Avril 2017, une équipe se forme

Zineb Simon, ingénieure agronome, journaliste et maire adjointe chargée de l’Enfance à Fontenay-aux-Roses à la retraite, rejoint Les lettres Mouchetées pour représenter nos éditions en France.

Aïcha Chapelard, journaliste à Bordeaux, intègre également l’équipe pour participer aux travaux de corrections et à la communication.

Les Lettres Mouchetées ont pour vocation de publier des auteurs de tous les horizons pour raconter le monde dans tous ses états à travers des romans, des nouvelles, des récits, et a participer à l’essor du roman africain en créant une collection et en diffusant les titres.

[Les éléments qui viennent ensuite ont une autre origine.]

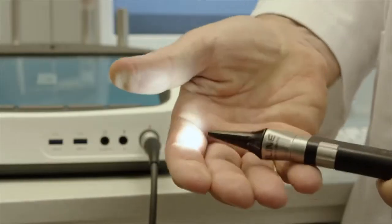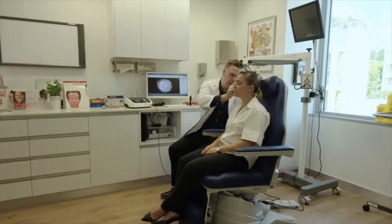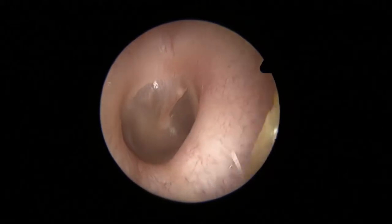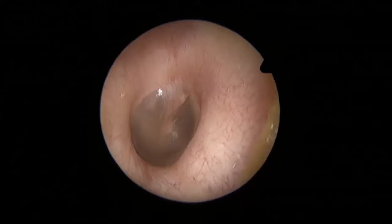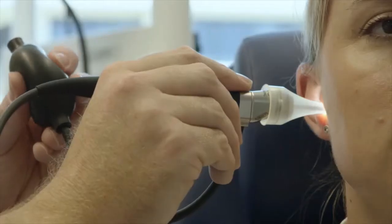Utilising the high intensity LED illumination in the handpiece, the otoscope probe provides brilliant video of the inner ear. The otoscope probe has been ergonomically designed for simple operation and maximum patient comfort. A pneumatic adapter is also available for the otoscope probe to facilitate movement of the tympanic membrane during the examination.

« Lettre mouchetée » est l’autre nom donné au bois d’Amourette, un bois exotique tacheté de noir qui servait autrefois à la fabrication de caractères d’imprimerie en raison de sa résistance.

Qui sommes-nous ?

Muriel Troadec, née en 1968 à Abidjan, crée en décembre 2015 une maison d’édition à Pointe-Noire, au Congo : LES LETTRES MOUCHETÉES.
Elle commence par des éditions numériques, puis publie ses premiers livres au printemps 2016.

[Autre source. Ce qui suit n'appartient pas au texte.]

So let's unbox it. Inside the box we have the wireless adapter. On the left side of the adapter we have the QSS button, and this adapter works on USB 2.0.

Son parcours s’est déroulé pour l’essentiel en Afrique de l’Ouest, puis de retour en France pour un séjour prolongé en 2004, elle vit dans la région bordelaise où elle s’essaye au journalisme régional, s’installe comme écrivain public pour rédiger des biographies familiales et collabore avec une maison d’édition, Les Vents Salés.

En 2015, retour en Afrique, au Congo-Brazzaville, où son père est né en 1939. Elle y voit un signe et décide de créer sa maison d’édition à Pointe-Noire, par passion des lettres, par amour des livres et avec la conviction qu’ils transmettent la connaissance du monde.

 Muriel Troadec (à droite) avec Bénédicte Froger-Deslis (auteur de “La Rue Est Mon Royaume”)

Emmanuel NGOMA NGUINZA SANZA LITTERAIRE – 2016

Les Lettres Mouchetées ont pour objectif de servir les auteurs et contribuer à faire connaître la nouvelle génération d’auteurs congolais et diffuser leurs œuvres à travers une collection dédiée : La collection Mbongi. (Mbongi représente le lieu de convergence pour l’échange, les débats d’idées … ).
Aimé Césaire, puis Léopold Sédar Senghor, ont défini la négritude comme l’ensemble des valeurs culturelles de l’Afrique noire, en un mot : une culture. Des générations d’écrivains ont emboité le pas aux maîtres à penser, tout en s’adaptant à l’évolution de leur contexte : colonisation, indépendance, dictature, révolution…

La littérature congolaise – au sein de l’espace littéraire d’Afrique francophone – est encore trop méconnue du grand public et de l’Occident.

Trois générations d’écrivains, romanciers, dramaturges et poètes se sont succédées depuis les années 50, parmi lesquels le doyen, Jean Malonga avec entre autres, son « Cœur d’Aryenne » publié en 1953, qui ouvrit une nouvelle voie en marge du courant classique de la négritude, en passant par Sylvain Bemba, « l’ homme-orchestre » dont les conseils avisés ont aidé bon nombre d’auteurs congolais à s’épanouir dans le cheminement de l’écriture, Jean-Pierre Makouta-Mboukou,  (L’homme aux pataugas), Emmanuel Dongala, (Les petits garçons naissent aussi dans les étoiles), Sony Labou Tansi, (L’anté-peuple)… à Alain Mabanckou,  avec son dernier essai, (Le monde est mon langage).